Working for Nourished Communities with Food Justice

Malvika Pradhan, Staff Writer

According to non-profit organization Feeding Texas, approximately one in seven Texans are food insecure. In central Texas alone, 17% of residents are food insecure, according to the Central Texas Food Bank. This means they cannot reliably access enough nutritious food to feed themselves and their families.

There are many organizations around Austin that help with food insecurity, including the Sustainable Food Center (SFC), Austin Community Gardens, Urban Roots, Black Food For Thought and Meals on Wheels. Jennifer Steverson, who works at Austin Community Gardens, described the concept of food justice as the consideration of the effects of racial and economic inequality on a person’s ability to nourish themselves or provide food for others. 

“Food justice is a structural perspective of the food system that acknowledges the impact of race and class on food access and food production,” Steverson said. “Food justice advocates work to improve equity and food sovereignty. Food justice work is diverse. Some examples include the Coalition of Immokalee Workers, farm workers who organized to demand fair wages and safety measures. The ongoing work of the United Farm Workers is also part of food justice…Seeds and seed diversity are another aspect of food justice for gardeners and farmers.”

Urban Roots is an Austin-based nonprofit that teaches young people about farming and food. According to Program Manager Teresa Orduno, the issue of food insecurity is widespread.

About 16% of people in Austin are food insecure,” Orduno said. “And many barriers go into play: low proximity to food retail, low household income, people not having access to transportation and less affordable healthy food availability. There are 13 zip codes in Travis County that do not have a full-service grocery store.”

According to Stevenson the COVID-19 pandemic hasn’t helped these numbers. She said many people across Austin have lost their jobs, making it harder for them to pay for nutritious food. 

“The COVID-19 pandemic has been a challenging time for many people in our region,” Steverson said. “The Office of [Federal] Sustainability established a weekly food access call at the beginning of the pandemic to help different emergency food providers communicate with each other and provide food to more people.”

The main demographics targeted by this issue are low-income communities and communities of color. Hilda Gutiérrez, the People and Operations Director at the SFC, said food justice is important to the health of a community.

I think that if we are going to have a thriving community, we need to, especially for people of color and low-income communities, center those individuals,” Guitiérrez said. “I think what we’re seeing right now is food apartheid: certain folks get access to good food and get to live long and healthy and successful lives, and those folks look a certain way, they have certain incomes, et cetera.”

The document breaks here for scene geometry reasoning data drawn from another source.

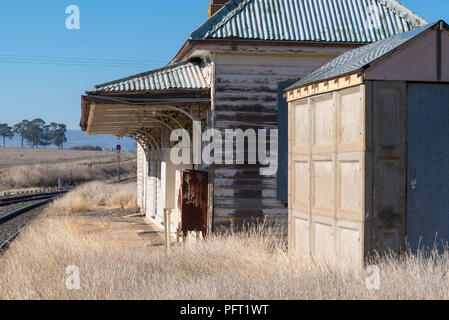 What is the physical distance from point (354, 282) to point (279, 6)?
8744 mm

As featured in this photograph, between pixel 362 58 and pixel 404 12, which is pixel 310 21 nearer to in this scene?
pixel 404 12

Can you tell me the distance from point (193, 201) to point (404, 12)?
6.44 metres

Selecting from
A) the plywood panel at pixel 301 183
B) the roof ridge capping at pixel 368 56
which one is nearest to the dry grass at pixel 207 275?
the plywood panel at pixel 301 183

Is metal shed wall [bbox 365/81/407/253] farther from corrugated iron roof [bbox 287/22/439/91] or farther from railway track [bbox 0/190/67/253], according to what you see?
railway track [bbox 0/190/67/253]

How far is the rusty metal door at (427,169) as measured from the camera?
332 inches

Community gardens are one of the main ways that people can grow their own food, according to Steverson. Community gardens also support food sovereignty, the idea that the people who grow and consume food should be able to control their food system.

Community gardeners are also able to grow culturally important foods that may be hard to find or expensive in grocery stores,” Steverson said. “For example, at the Festival Beach Community Garden, there are gardeners from Myanmar who grow hibiscus plants and harvest the leaves for use as an herb. It is easy to find hibiscus flowers, also known as sorrel and jamaica, in Austin grocery stores, but it’s harder to find the leaves…[Food justice] is important because food, like water or shelter, is a necessity that people shouldn’t have to be without because of economic status, race, et cetera.

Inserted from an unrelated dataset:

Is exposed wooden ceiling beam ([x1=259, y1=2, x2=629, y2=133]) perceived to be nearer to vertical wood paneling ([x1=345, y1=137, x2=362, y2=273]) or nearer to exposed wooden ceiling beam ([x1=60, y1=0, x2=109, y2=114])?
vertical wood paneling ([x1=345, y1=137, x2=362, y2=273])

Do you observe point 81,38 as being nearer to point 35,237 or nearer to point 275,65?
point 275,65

People who are able to can also garden in their homes. Gutiérrez said she’s seen some people grow their own food to share with their neighbors.

 “Maybe they grow gardens in their homes, but they built them in the front of their home, so that their neighbors can go and take the harvest,” Gutiérrez said. “So that’s also really awesome, because then, people can just pick from your trees because whenever you grow food, you have so much, you have like pounds and pounds of things that you don’t even need.”

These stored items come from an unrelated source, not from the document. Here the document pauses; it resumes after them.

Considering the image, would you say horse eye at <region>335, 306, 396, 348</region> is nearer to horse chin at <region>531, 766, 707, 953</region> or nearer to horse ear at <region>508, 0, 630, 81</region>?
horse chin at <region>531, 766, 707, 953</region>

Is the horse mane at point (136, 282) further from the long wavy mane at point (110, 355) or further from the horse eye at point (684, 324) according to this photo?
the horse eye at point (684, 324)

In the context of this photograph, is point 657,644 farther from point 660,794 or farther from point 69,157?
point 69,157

Getting the food is only one step of the process. After that, people need to know how to cook it. The SFC teaches cooking classes, and Gutiérrez said people can help out by giving neighbors or friends healthy recipes.

 “I think that is a thing that a lot of people don’t know how to do,” Gutiérrez said. “Helping people around you that are like, ‘Hey, how did you make that recipe?,’ Those are small things that make a big difference in people’s lives. It really transforms their way of thinking of how they can prepare food because a lot of people are like, ‘Oh, I just fried or microwaved it.’ That’s not healthy, but it’s really hard to understand what the skills are to make food.”

There are many ways that people can help those who are food insecure. One way is to reduce food waste, though, according to Orduno, there are many other ways.

“[You can] volunteer at organizations that are promoting healthy, affordable access to food, donate to organizations like Urban Roots, Serafina, Meals on Wheels, et cetera so their work can continue or get involved in what’s happening in your community and find out where you can donate food,” Orduno said.

Gutiérrez said that even sharing where food comes from helps, along with pushing state policymakers to support policies that help local farms and farmers. These policies would support the farmers and help keep money within the community instead of large companies.

If we had more people sharing where our food comes from, putting more pressure on legislators to provide subsidies or support for local farmers to grow food that our people can consume,” Gutiérrez said, “I think that we’d have an entirely different community.”